As the RSD’s name suggests, it was originally intended to be only a temporary steward of the city’s worst-performing schools, a turnaround agency that took over most of the city’s public schools after Hurricane Katrina but would eventually hand control back to the elected local board once those schools had “recovered” from decades of substandard test scores and high dropout rates. However, until now, none of the eligible schools elected to make the switch.

Tuesday’s vote marked a reversal of the King board’s November decision to keep the school with the RSD for the 2015-16 school year.

Friends of King runs two charter schools: Dr. King Charter School and Joseph A. Craig Charter School.

King was eligible to return to the auspices of the elected local board because it has had two years of school scores above the acceptable limit.

Friends of King will still control the day-to-day operations of each school and set their overall policies, but general oversight will be split between the RSD for Craig and the OPSB for King.

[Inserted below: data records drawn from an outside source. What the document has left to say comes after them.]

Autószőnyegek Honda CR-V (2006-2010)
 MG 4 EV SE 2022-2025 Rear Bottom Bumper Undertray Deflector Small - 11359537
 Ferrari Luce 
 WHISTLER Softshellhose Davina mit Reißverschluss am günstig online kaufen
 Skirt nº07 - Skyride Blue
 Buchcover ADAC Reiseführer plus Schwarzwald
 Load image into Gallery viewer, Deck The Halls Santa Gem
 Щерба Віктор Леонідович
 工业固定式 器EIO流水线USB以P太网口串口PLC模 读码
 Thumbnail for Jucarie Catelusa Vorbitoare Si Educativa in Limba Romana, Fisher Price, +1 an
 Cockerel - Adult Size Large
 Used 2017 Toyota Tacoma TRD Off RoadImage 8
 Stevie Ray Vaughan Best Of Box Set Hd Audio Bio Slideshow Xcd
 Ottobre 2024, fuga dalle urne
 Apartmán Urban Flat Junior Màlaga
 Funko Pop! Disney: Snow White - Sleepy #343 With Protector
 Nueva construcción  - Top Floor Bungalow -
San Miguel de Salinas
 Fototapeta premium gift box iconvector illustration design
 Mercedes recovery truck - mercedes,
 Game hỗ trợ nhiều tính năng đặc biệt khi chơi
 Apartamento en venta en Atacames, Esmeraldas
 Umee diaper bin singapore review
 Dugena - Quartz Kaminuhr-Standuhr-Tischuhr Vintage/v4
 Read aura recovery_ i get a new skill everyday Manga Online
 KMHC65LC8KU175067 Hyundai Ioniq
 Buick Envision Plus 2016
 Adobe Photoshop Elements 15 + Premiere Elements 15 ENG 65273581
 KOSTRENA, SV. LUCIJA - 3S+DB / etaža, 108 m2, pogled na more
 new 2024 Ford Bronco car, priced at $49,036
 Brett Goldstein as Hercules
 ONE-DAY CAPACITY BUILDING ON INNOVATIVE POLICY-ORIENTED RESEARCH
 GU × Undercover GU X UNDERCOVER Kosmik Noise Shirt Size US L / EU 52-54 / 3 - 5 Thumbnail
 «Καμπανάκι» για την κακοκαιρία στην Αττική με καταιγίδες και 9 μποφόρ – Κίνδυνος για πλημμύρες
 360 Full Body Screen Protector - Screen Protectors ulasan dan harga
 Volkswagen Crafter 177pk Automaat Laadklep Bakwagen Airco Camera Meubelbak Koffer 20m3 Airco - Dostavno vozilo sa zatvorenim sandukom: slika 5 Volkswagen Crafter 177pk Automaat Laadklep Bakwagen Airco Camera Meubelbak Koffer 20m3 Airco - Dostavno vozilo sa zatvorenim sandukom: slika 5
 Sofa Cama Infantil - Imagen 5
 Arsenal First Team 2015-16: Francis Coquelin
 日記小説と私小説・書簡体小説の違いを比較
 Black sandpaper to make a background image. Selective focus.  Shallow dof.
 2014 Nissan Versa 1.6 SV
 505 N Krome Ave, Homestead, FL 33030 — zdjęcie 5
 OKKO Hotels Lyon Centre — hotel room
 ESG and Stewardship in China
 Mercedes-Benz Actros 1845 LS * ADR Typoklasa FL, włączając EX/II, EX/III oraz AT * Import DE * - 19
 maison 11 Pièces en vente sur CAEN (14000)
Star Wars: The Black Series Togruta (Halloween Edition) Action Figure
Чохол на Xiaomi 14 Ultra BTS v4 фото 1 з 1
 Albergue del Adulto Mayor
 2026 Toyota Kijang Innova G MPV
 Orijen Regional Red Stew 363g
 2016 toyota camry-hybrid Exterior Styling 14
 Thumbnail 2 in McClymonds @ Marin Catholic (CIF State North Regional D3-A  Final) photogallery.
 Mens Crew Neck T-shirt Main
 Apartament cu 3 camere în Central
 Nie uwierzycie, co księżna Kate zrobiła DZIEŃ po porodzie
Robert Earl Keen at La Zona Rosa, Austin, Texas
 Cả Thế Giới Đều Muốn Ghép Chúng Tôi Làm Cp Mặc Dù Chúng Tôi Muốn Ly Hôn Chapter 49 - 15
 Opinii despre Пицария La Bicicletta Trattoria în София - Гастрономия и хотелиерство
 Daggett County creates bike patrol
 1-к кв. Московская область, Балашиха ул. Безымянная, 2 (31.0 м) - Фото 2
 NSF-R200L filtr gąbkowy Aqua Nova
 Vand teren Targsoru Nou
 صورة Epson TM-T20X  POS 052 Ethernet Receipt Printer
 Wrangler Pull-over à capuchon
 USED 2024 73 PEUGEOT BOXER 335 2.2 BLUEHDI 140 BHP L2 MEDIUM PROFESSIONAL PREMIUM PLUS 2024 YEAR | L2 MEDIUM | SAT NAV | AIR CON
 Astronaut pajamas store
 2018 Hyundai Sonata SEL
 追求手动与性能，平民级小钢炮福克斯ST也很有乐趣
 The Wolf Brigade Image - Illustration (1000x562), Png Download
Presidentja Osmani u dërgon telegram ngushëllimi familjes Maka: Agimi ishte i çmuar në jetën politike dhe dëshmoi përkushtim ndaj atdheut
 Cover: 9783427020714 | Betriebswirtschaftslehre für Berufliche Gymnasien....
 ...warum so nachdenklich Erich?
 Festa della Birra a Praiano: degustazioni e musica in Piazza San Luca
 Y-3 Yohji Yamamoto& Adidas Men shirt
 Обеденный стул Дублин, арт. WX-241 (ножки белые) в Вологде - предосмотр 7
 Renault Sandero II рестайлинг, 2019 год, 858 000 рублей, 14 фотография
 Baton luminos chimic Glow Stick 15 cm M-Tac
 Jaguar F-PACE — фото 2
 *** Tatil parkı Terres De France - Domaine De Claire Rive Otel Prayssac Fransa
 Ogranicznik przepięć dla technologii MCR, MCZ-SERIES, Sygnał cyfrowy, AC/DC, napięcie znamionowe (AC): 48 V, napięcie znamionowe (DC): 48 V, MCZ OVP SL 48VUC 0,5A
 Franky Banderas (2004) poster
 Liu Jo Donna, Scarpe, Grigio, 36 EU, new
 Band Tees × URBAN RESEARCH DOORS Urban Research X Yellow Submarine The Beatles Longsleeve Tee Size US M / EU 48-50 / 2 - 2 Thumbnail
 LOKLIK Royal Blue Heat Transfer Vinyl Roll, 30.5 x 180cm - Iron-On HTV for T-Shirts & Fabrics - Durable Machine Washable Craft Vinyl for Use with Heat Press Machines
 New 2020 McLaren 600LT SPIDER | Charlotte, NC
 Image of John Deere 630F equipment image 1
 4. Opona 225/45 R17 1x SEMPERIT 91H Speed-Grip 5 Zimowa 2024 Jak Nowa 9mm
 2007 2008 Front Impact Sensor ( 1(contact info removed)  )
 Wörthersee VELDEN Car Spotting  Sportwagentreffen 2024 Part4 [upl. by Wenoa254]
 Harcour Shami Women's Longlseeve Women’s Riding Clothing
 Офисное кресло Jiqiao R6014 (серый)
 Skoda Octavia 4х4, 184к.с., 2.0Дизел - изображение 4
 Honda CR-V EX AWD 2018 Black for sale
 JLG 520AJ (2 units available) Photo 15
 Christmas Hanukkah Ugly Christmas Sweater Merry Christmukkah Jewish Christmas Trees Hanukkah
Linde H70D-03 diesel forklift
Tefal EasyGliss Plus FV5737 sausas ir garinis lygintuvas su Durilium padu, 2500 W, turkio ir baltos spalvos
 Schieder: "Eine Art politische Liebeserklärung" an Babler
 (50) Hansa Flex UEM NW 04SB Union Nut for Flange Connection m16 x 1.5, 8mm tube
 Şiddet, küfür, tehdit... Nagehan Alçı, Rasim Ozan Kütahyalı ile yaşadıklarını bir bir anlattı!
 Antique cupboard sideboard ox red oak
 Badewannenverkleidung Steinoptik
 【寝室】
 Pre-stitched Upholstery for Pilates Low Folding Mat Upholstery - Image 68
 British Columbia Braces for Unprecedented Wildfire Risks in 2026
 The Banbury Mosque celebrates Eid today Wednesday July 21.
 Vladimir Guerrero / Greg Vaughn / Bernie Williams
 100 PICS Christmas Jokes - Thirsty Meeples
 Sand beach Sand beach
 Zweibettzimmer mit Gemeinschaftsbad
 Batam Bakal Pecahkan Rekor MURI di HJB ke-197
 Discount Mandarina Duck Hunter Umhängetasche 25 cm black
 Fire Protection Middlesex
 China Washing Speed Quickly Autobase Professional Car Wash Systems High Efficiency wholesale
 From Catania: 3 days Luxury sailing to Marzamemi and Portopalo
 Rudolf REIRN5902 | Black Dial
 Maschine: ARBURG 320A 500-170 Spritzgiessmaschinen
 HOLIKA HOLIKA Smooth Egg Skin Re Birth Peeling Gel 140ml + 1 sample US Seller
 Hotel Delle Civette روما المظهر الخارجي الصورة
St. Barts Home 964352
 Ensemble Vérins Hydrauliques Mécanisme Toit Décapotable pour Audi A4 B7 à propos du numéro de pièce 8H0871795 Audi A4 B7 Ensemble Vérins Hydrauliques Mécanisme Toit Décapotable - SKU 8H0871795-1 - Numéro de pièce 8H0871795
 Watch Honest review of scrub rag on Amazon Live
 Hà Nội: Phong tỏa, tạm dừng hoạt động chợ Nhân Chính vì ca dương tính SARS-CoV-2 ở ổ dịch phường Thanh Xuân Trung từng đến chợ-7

The change of heart was perhaps spurred in part by the RSD’s recent recommendation to renew the school’s charter for only five years, two short of the maximum. That recommendation came after Friends of King was issued a formal notice of breach of contract due to a complaint regarding its compliance with the city’s centralized enrollment system, OneApp, according to nola.com.

The official scolding from the RSD came just weeks after the King board initially voted to stay with the state-run recovery district.

Thomas said he was happy to see a school begin the transition back to Orleans Parish oversight.

“It marks the beginning of the reunification of our school district to a single system,” he said. “I’m hopeful that other schools will follow their lead and continue this process of reuniting our school district.”

Of 36 charter schools eligible this year to return to OPSB auspices because of academic improvement, King is the first to decide to head back. A handful of boards have yet to vote on the matter.

Thomas said he thinks King CEO Doris Hicks’ leadership is second to none, and that the confidence the board has in her made the unanimous vote possible.

The RSD released a statement in which it congratulated the King board, staff and families on the school’s academic improvement, but it also acknowledged the enrollment issue, which was the topic of the notice of breach of contract.

“We expect that under the governance of the Orleans Parish School Board, Dr. Martin Luther King Jr. Charter School will continue to open its doors to all students of all backgrounds and all needs,” the RSD statement said.

Friends of King has until Jan. 5 to notify the state of its decision. The Board of Elementary and Secondary Education will consider the request at a mid-January meeting.

Should the OPSB accept the transfer, it would occur on July 1.